Wednesday, February 07, 2007

february update

hola friends. as i sit here and snack on my 1 cup of heart healthy kashi cereal (that is reminiscent of honey nut cheerios minus 78.3% of the flavor, and also, 1 cup of cereal is NOT enough to make any normal person full, but never mind that the recommended serving size is 3/4 cup), i realize that i have not provided an update of any kind for a long time. i know that i rant about the obese every so often, so i've kept up my "i try to eat healthy" diet at home and at work, and the nurses and staff always comment on my lunches, telling me how strong my willpower is for getting healthy stuff. it's really simple, actually. i don't get stuff that is swimming in grease, and that will easily knock out most of the menu, plus the desserts are too yucky looking, and who wants sugar-free flavored gelatin? i mean, try to entice me by calling it jell-o, not gelatin, but i guess that would infringe on the copyright laws, since they probably use sysco jello and not jell-o jello. and i'm going to the YMCA to workout once i feel that rush hour traffic has died a little bit.

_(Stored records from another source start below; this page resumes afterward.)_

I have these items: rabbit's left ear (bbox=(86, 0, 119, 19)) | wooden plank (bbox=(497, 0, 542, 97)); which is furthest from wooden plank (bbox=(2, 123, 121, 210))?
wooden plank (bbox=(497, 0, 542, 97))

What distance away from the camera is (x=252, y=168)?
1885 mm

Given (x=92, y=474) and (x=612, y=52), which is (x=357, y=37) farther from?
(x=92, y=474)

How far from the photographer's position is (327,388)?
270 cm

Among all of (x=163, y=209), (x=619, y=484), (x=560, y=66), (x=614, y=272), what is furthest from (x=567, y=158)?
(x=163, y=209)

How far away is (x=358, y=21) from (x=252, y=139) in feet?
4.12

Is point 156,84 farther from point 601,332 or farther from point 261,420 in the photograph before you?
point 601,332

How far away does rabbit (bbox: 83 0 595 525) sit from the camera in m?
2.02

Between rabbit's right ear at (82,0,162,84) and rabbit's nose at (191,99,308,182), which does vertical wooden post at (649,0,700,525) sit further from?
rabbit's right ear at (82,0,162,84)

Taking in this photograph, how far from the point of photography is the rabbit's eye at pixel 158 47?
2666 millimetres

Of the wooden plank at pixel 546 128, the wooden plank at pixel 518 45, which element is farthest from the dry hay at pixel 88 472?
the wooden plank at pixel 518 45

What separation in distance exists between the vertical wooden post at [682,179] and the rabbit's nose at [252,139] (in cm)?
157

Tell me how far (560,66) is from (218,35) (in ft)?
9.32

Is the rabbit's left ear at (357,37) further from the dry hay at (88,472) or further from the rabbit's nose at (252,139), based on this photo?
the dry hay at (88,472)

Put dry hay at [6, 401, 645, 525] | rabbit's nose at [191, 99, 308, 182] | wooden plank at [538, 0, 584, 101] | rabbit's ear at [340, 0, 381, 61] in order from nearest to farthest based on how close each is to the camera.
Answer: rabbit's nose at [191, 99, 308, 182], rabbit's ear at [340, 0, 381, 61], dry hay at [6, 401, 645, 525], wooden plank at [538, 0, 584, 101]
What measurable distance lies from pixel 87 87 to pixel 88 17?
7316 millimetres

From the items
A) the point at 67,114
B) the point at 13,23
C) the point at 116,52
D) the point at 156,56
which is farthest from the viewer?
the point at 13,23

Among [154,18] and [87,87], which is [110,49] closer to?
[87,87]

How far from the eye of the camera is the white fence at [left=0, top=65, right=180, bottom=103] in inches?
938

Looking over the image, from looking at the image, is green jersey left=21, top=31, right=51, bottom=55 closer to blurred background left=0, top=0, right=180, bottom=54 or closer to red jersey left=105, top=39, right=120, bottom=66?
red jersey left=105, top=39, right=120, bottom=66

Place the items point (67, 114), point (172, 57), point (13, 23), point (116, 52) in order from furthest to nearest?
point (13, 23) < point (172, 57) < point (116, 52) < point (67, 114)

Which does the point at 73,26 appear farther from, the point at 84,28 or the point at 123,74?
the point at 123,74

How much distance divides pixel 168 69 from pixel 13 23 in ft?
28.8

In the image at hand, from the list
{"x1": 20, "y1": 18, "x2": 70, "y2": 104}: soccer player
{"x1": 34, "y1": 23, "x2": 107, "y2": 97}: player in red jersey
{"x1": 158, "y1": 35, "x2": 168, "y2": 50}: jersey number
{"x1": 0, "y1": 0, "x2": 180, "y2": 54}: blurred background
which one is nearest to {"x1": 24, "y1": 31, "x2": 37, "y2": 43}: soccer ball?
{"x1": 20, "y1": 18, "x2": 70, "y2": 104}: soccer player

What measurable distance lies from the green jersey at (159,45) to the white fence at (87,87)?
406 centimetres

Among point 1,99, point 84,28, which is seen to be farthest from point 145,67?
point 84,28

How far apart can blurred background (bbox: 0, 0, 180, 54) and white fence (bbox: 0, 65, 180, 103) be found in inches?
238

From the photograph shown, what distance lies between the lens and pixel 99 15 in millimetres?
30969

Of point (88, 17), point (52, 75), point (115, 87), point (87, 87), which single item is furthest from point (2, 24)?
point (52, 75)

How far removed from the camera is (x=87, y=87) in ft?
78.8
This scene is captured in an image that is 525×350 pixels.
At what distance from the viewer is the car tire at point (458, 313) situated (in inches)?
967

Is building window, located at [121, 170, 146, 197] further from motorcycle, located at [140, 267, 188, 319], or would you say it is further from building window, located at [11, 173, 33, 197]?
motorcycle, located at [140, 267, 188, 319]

what else about work? well, today (and tomorrow for that matter) the secretary wasn't in, so i had to do two jobs at once today, which resulted in feelings of frustration and a mild headache. i had no time to get coffee because the phones kept ringing, and doing my inventory job was a pain in the a$$ because the phones kept ringing. then people would get upset with me because i didn't know how to do something that i'm not supposed to know anyway, but who cares about that! i could feel my stress-toleration level being encroached, and luckily it occurred near lunch so i went and ate fried chicken, mac and cheese, and a side salad while staring at people perform construction duties. (i'm going to the YMCA to work out, so that cancels out the friend chicken.) it became my 15 minutes of solitude i suppose, but i had to go to work after my tiny lunch because i have to have someone sit the desk while i try to perform my inventory duties really fast as to not annoy the person relieving me. and now as i think about it, i think i may ask my boss for a microphone thing for my desk so i don't have to run around a lot. but running around is good for burning calories...hahaha...i'll stop now!

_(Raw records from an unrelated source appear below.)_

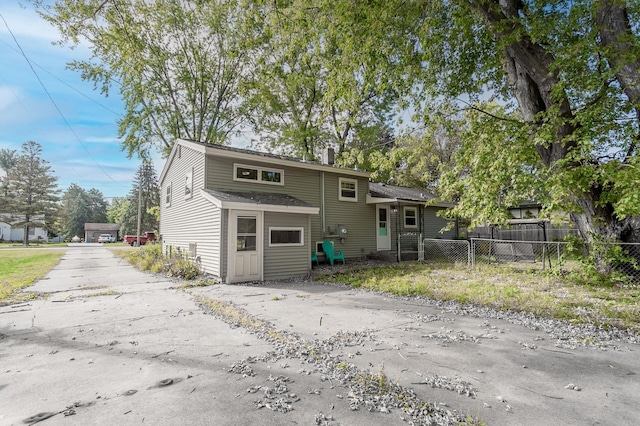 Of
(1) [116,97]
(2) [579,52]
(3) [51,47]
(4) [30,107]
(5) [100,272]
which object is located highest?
(1) [116,97]

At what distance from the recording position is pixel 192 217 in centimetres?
1106

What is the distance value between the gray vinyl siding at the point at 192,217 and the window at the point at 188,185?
162 mm

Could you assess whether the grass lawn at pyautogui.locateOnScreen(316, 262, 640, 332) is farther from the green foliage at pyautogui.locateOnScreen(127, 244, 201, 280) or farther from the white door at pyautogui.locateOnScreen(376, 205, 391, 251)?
the white door at pyautogui.locateOnScreen(376, 205, 391, 251)

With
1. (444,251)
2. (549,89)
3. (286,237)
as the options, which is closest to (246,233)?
(286,237)

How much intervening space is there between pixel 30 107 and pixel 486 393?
53.7 ft

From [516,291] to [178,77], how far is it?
69.7 ft

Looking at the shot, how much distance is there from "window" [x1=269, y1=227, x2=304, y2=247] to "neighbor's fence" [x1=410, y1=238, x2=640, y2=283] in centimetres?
570

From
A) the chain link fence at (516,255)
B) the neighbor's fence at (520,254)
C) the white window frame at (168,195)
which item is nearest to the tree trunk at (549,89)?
the neighbor's fence at (520,254)

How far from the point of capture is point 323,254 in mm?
12867

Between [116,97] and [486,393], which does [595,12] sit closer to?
[486,393]

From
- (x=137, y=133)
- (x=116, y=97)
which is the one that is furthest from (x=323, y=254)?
(x=116, y=97)

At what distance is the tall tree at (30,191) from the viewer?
31.3 metres

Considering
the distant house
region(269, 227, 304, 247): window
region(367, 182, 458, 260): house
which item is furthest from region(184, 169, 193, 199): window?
the distant house

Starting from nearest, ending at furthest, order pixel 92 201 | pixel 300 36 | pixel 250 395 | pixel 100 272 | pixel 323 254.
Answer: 1. pixel 250 395
2. pixel 300 36
3. pixel 100 272
4. pixel 323 254
5. pixel 92 201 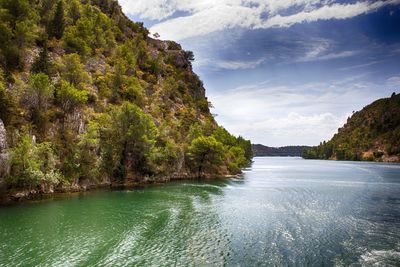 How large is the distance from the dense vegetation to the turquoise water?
1028cm

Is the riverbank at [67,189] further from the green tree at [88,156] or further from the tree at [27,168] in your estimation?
the green tree at [88,156]

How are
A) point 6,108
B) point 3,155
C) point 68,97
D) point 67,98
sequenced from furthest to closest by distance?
1. point 67,98
2. point 68,97
3. point 6,108
4. point 3,155

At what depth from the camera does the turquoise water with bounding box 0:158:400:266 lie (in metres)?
27.8

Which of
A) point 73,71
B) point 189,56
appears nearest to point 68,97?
point 73,71

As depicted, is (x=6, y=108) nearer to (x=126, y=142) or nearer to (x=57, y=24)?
(x=126, y=142)

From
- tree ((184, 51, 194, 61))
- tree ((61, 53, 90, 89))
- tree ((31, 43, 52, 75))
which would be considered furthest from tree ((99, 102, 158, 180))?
tree ((184, 51, 194, 61))

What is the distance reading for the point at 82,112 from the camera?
257 feet

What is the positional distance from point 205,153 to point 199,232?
68496 mm

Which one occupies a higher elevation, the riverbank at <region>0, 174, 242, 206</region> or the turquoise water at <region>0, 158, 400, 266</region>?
the riverbank at <region>0, 174, 242, 206</region>

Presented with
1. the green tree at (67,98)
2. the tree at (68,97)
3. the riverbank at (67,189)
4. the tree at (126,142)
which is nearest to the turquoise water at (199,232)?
the riverbank at (67,189)

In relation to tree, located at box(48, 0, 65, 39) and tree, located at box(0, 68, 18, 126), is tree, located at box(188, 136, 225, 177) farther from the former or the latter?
tree, located at box(48, 0, 65, 39)

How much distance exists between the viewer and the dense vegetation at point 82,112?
190 ft

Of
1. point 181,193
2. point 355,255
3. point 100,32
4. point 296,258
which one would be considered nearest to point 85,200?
point 181,193

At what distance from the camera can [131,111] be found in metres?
81.0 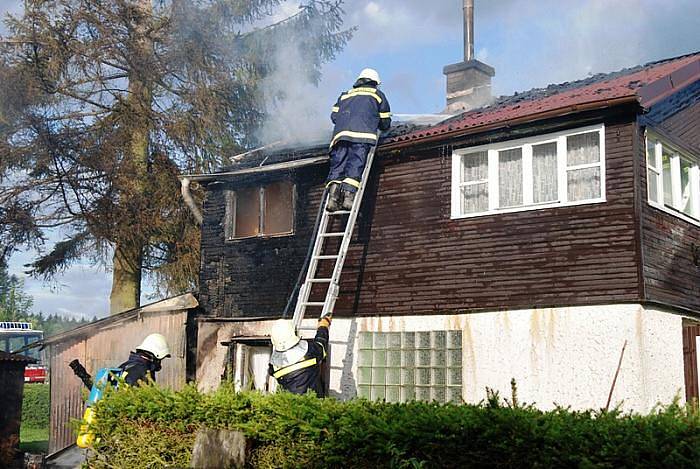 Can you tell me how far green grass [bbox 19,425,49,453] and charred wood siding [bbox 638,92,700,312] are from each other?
13110 mm

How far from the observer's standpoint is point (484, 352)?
476 inches

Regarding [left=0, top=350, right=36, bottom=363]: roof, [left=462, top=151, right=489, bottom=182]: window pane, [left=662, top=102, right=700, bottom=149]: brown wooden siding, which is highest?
[left=662, top=102, right=700, bottom=149]: brown wooden siding

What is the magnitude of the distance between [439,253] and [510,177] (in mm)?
1486

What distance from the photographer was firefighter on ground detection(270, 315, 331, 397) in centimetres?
997

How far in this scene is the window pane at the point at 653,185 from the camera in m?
11.8

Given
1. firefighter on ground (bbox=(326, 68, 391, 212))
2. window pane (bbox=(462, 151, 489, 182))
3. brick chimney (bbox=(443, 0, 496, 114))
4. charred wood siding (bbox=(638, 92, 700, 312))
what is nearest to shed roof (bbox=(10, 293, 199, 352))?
firefighter on ground (bbox=(326, 68, 391, 212))

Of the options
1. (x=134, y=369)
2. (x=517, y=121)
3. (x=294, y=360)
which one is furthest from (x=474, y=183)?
(x=134, y=369)

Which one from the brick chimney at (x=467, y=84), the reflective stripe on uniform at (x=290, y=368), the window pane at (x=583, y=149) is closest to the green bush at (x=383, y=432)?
the reflective stripe on uniform at (x=290, y=368)

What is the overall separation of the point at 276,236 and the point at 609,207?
5.72 meters

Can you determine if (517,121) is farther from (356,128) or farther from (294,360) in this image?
(294,360)

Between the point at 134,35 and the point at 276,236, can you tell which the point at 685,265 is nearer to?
the point at 276,236

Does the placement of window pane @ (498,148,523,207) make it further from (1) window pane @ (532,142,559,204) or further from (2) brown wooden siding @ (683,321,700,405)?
(2) brown wooden siding @ (683,321,700,405)

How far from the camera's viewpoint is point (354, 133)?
12.9m

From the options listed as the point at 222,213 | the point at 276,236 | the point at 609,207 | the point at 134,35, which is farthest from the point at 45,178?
the point at 609,207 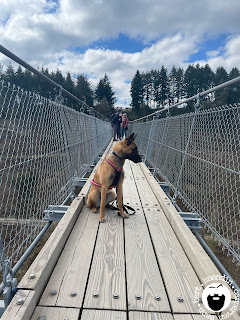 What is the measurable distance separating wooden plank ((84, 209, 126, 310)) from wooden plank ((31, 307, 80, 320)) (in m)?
0.09

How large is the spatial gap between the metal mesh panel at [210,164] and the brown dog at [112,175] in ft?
3.24

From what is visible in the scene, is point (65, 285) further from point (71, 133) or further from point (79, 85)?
point (79, 85)

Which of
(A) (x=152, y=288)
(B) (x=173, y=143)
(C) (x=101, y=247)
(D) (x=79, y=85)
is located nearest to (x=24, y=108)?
(C) (x=101, y=247)

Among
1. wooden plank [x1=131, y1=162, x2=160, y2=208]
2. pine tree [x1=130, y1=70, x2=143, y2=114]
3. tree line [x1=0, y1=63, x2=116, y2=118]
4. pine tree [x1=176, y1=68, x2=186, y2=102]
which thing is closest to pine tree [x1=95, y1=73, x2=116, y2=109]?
tree line [x1=0, y1=63, x2=116, y2=118]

and i shouldn't complain too much, for this is a temporary job. but i've thought some, and i have planned out my next couple of years. if med school doesn't work out the second time, i'm going to go to grad school and get my master's in chemical or biomedical engineering so i can brush up on everything, and then go work or go to more school, whatever i feel like. of course, the desired end product is me being a medical doctor, but now i feel like i have the best and worst case scenarios semi-planned out, and that makes me feel a little more in control of my life and also puts things in perspective. and if you know me personally, you'll understand what i'm saying since i'm a weird anal retentive "must have a long term vision/goal" sort of person. plus if i have the big picture figured out, i can have more fun enjoying the random/spontaneous things that just seem to pop up, and also not sweat the small stuff, since i know the big picture. isn't that neat how it seems to play off each other?

ok, the workout place calls to me, and i must go. chao!